### WHAT YOU ARE ASKED TO DO
The output should be every line below, retyped exactly, with no images.

### DATASET SECTION

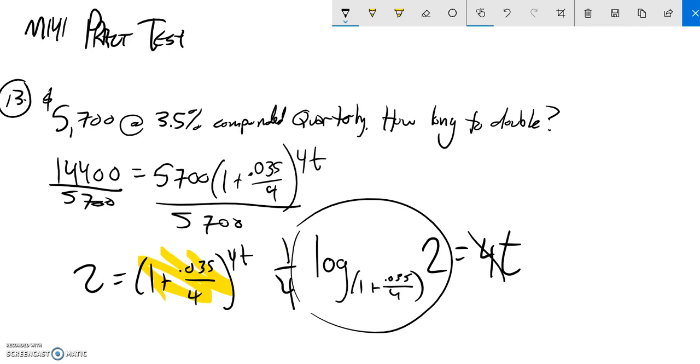So I put that into my calculator, and I get t is about 19.89 years.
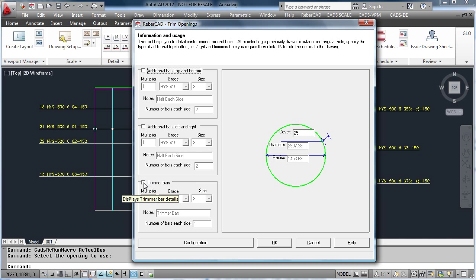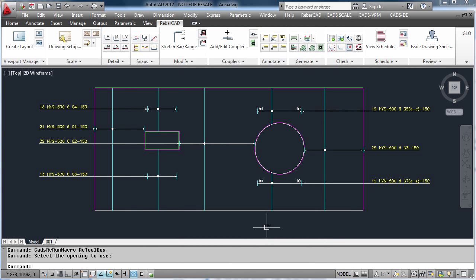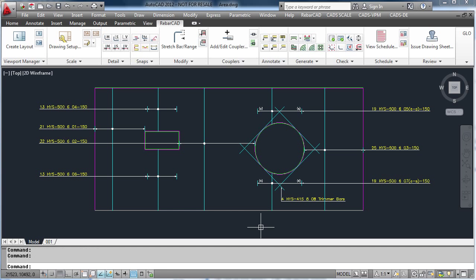Add the clearances, and in this case we will just add trimmer bars to our opening. Hit OK and RebarCAD automatically details the bars.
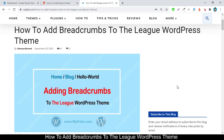Hello, you are welcome to URL Dev. Today we are going to make a tutorial on how to add breadcrumbs to the League WordPress theme. If you are running your website on the League WordPress theme and don't know how to add breadcrumbs with the League theme, don't worry — just follow this video from scratch and you can add breadcrumbs to your website.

### YOUR SOLUTION
So I put that into my calculator, and I get t is about 19.89 years.
Add the clearances, and in this case we will just add trimmer bars to our opening. Hit OK and RebarCAD automatically details the bars.
Hello, you are welcome to URL Dev. Today we are going to make a tutorial on how to add breadcrumbs to the League WordPress theme. If you are running your website on the League WordPress theme and don't know how to add breadcrumbs with the League theme, don't worry — just follow this video from scratch and you can add breadcrumbs to your website.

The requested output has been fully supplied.